Le terme ne désigne pas un atelier unique, mais l'ensemble de la production chinoise en soie, de la marchandise d'exportation solide au chef-d'œuvre finement travaillé. Le tapis en soie se distingue du tapis chinois en laine par l'éclat de la fibre, le velours court et un dessin plus fin. Comparée au tapis Qom soie persan, la densité de nœuds des pièces chinoises se situe le plus souvent plus bas ; en revanche, les motifs sont nettement marqués par la Chine.
Origine
La Chine a une longue histoire du nouage de tapis, même si les témoignages écrits et conservés sont plus récents qu'en Perse. Les premiers tapis noués sont attribués à la région du Xinjiang au nord-ouest et à l'espace chinois septentrional. Sous la dynastie Ming (1368 à 1644) et surtout sous la dynastie Qing (1644 à 1911) sont apparus des tapis représentatifs pour temples, palais et foyers fortunés. Les tapis chinois classiques en laine de ces époques, par exemple de la région de Ningxia, ont marqué le monde décoratif transposé plus tard en soie.

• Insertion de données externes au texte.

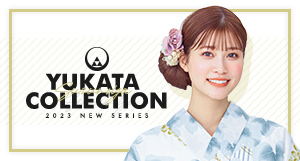 ゆかたコレクション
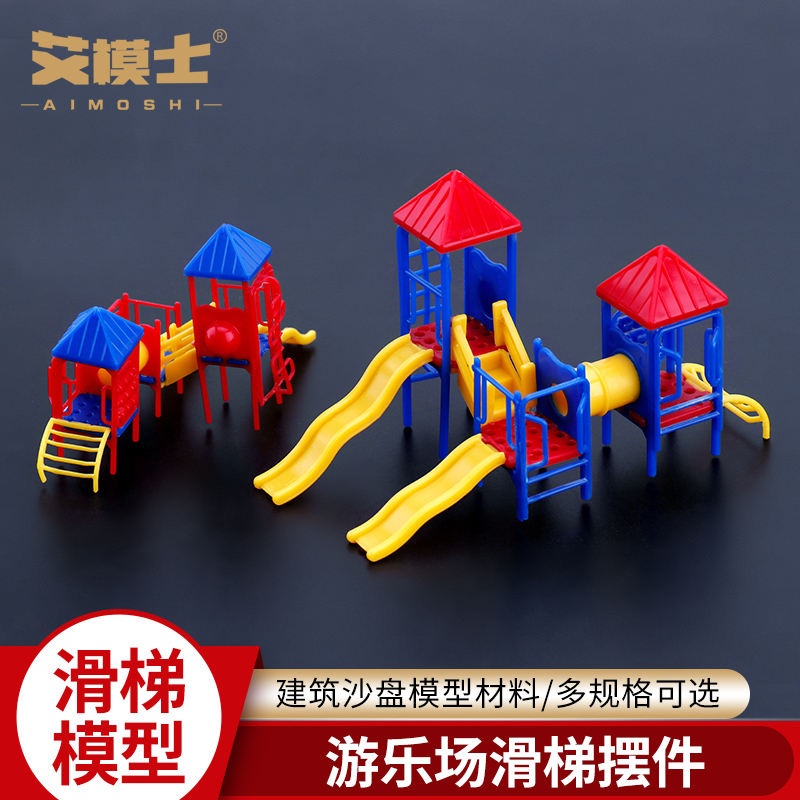 滑滑梯模型建筑沙盘模型材料广场娱乐设施儿童健身器材滑梯摆件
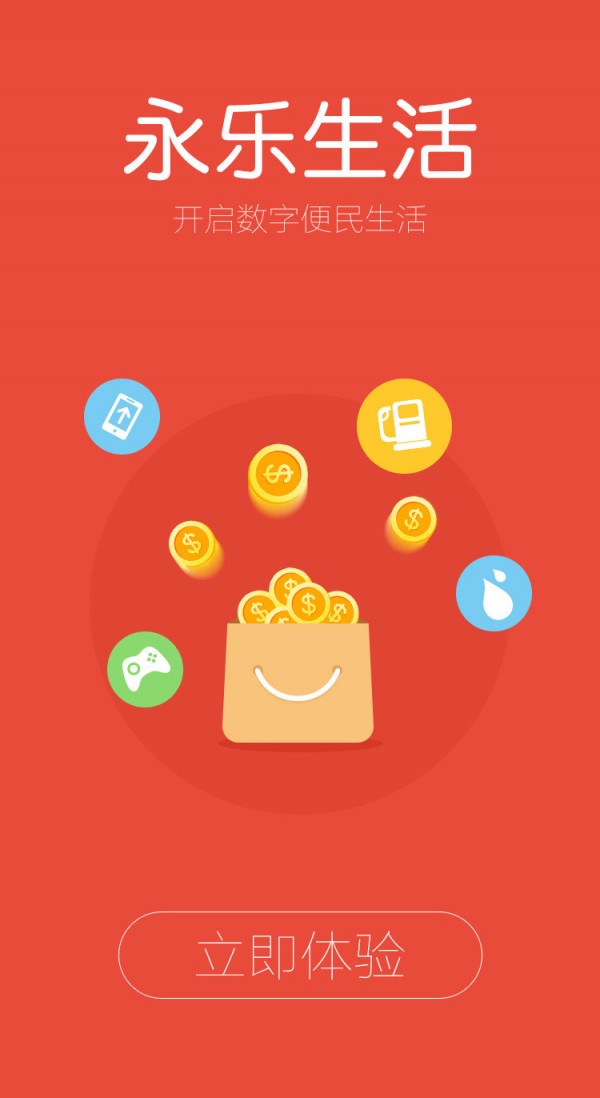 永乐生活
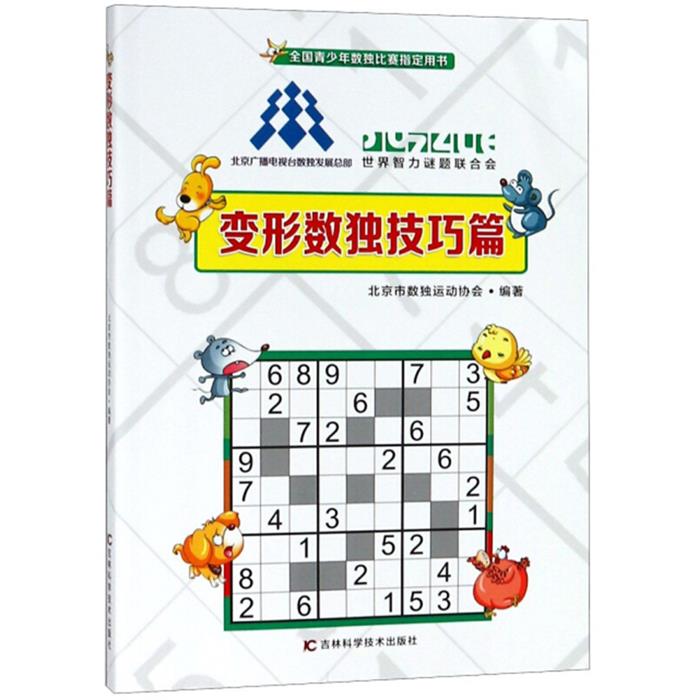 变形数独技巧篇北京市数独运动协会吉林科学技术出版社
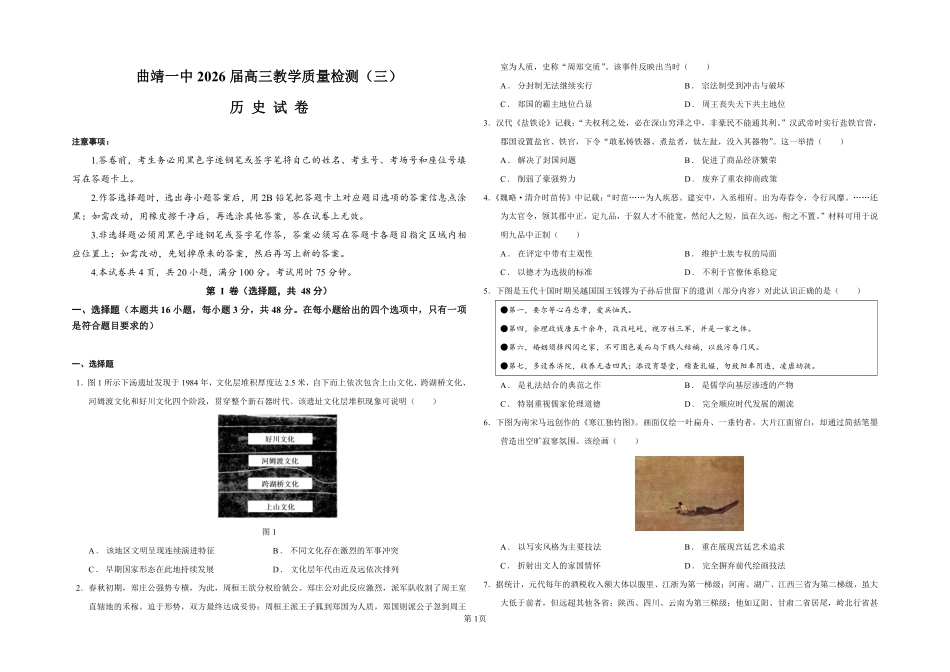 历史试卷【云南卷】云南省曲靖一中2026届高三年级上学期第三次阶段性测试(.5-.6).pdf_第1页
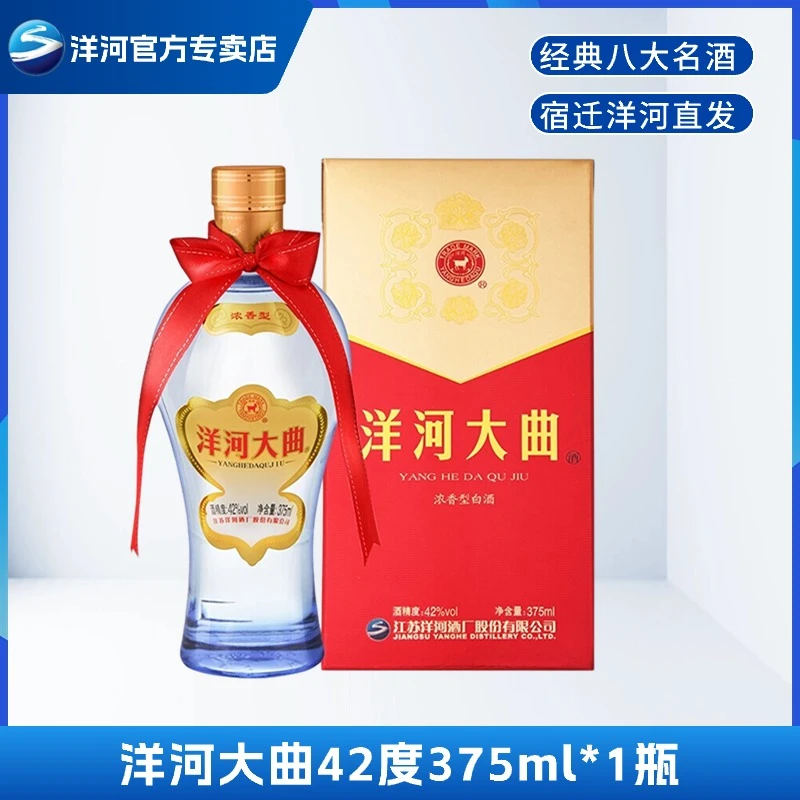 洋河大曲新天蓝42度375ml 绵柔口感纯粮酿造有礼袋42度375ml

Les tapis en soie au sens actuel sont surtout un phénomène du XXe siècle. Les centres de production importants se trouvent dans les provinces du Henan et du Hebei ainsi que dans la région de Tianjin et de Pékin. Pendant la Révolution culturelle (1966 à 1976), la production traditionnelle s'est largement interrompue. À partir des années 1980, une industrie tournée vers l'exportation s'est développée, qui noue de fins tapis en pure soie pour le marché mondial. Toute cette tradition appartient à la grande famille des tapis chinois et se tient de manière autonome à côté des origines persanes.
Motifs et couleurs
L'univers décoratif du tapis chinois en soie est son indice de reconnaissance le plus net. On rencontre fréquemment :
- Dragons comme ancien symbole du pouvoir impérial et de la protection, souvent représentés avec une perle.
- Phénix et chiens-Fo (lions gardiens des temples) comme autres motifs de protection et de bonheur.
- Fleurs de lotus et pivoines comme symboles de pureté et de prospérité.
- Bandes de nuages et méandres qui rythment les surfaces.
- Symboles bouddhistes et taoïstes de chance, par exemple les huit trésors ou le caractère Shou pour une longue vie.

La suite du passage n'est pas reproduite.